Quando alla fine di aprile si insediò il governo Letta, leggemmo
per un lungo periodo analisi che spiegavano come Matteo Renzi fosse fra
le principali vittime politiche della nuova stagione delle larghe
intese.
Più recentemente, Renzi venne dato per sconfitto e superato quando
Letta riuscì a passare gli scogli di agosto (sentenza Mediaset,
Shalabayeva), perché questo sottraeva al sindaco di Firenze la preda
delle elezioni politiche a breve. Nella situazione opposta, nei giorni
bollenti degli ultimatum berlusconiani, Renzi era considerato in crisi
perché il collasso della legislatura gli sottraeva il tempo per vincere
il congresso. Infine, a fiducia per Letta riconquistata, ora Renzi
sarebbe di nuovo da rottamare: stavolta perché l’allungamento dei tempi
del governo gli consegna “solo” la chance della segreteria del Pd.
In poche parole: comunque vadano le cose a Roma, qualunque cosa accada, Matteo Renzi sarebbe sempre quello fregato.
Ora, può darsi che ci siano molti inquilini dei Palazzi che in
effetti cercano in ogni evento il dettaglio utile a fermare l’ascesa del
giovane newcomer. Come è sicuro che l’inner circle fiorentino sia affetto da una ben nota sindrome, per la quale ogni stormir di fronda reca minaccia e odore di trame ostili.
Chi, fuori da entrambi i circoli, può ragionare lucidamente, ha visto
che Renzi non ha mai raccolto tanto consenso popolare come dopo il varo
delle larghe intese, quando cioè avrebbe dovuto essere in crisi nera.
E constata oggi che, in un quadro politico più nitido, con qualche
certezza in più sul prossimo futuro, anche Renzi si gioverà di idee più
chiare, avendo definitivamente capito che il nuovo mestiere al quale
aspirare è quello di segretario del Pd: che non sarà tutto, e non sarà
il sogno della sua vita, ma non è neanche poco. Anzi. Comparando i
precedenti di Blair e di Prodi, è legittimo dedurne che sia meglio
avvicinarsi al governo del paese guidando un partito solidale, piuttosto
che spinti da partiti malmostosi.
Per molti osservatori, i fattori critici per il sindaco (ammesso e
non concesso che Cuperlo non si riveli avversario pericoloso) si
chiamano ascesa di Letta e rilancio del neocentrismo. O le due cose
insieme.
Intanto dissociamo i due concetti.
Letta sarà mite, disposto alla mediazione (s’è visto però fino a
quale punto) e al trasversalismo, ma è un bipolarista convinto. Non ha
mai detto né fatto alcunché che autorizzi il sospetto di mire
neocentriste o addirittura neodemocristiane.
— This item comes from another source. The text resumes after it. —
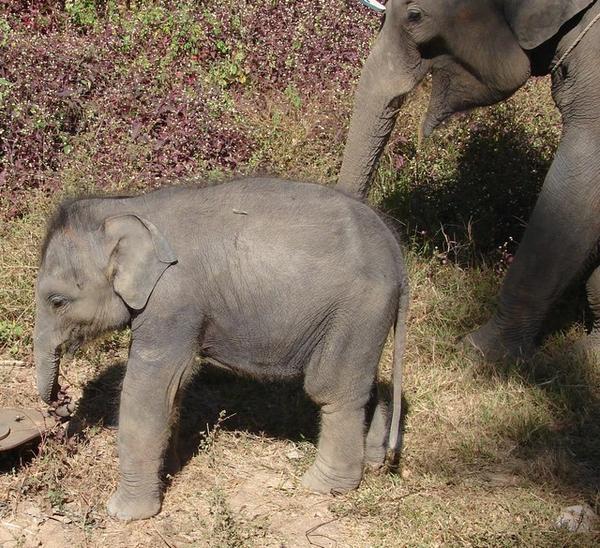 Baby  elephant having a nibble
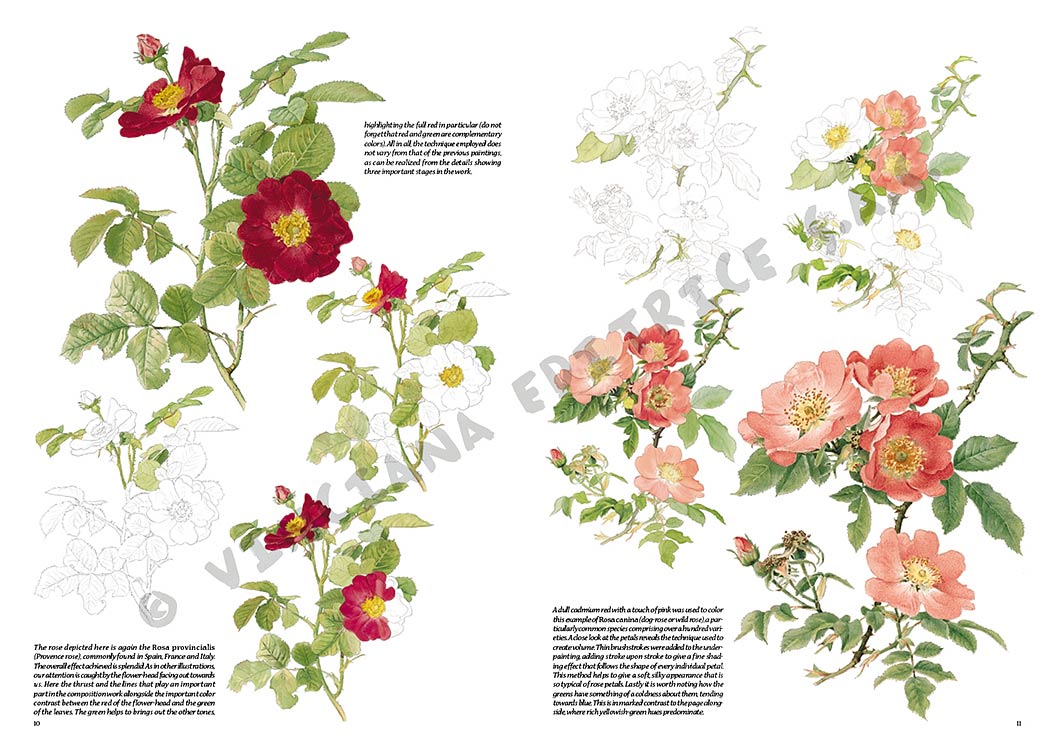 Colección Leonardo – 42 – Rosas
Solo commentatori troppo
pigri o nostalgici possono indulgere in certi schematismi. Mentre i
protagonisti del momento, lo stesso Letta e Alfano, sanno che fuori dai
rispettivi campi per loro non c’è che l’avventura. E avventuristi certo
non sono.
Sulla prossima legge elettorale rimane l’incognita ricorrente: se
sarà ritagliata su grandi partiti o su logiche coalizionali. Ma
l’ispirazione maggioritaria non appare revocabile. E trascina con sé
l’esigenza di una forte leadership.
Renzi dovrà prima o poi misurare la propria con quella, temprata in
queste settimane, di Letta? È possibile e non è grave: se sarà
segretario Renzi avrà subito, con cruciali scadenze elettorali a
disposizione in primavera, l’occasione di fare del Pd il partito del
cambiamento radicale, dell’apertura alle nuove generazioni, che
corrisponde al suo profilo forte, da far diventare profilo collettivo
circondandosi di un gruppo dirigente convinto e coerente. Non è una
brutta prospettiva, per uno che ancora giovanissimo è stato già dato
tante volte per politicamente morto.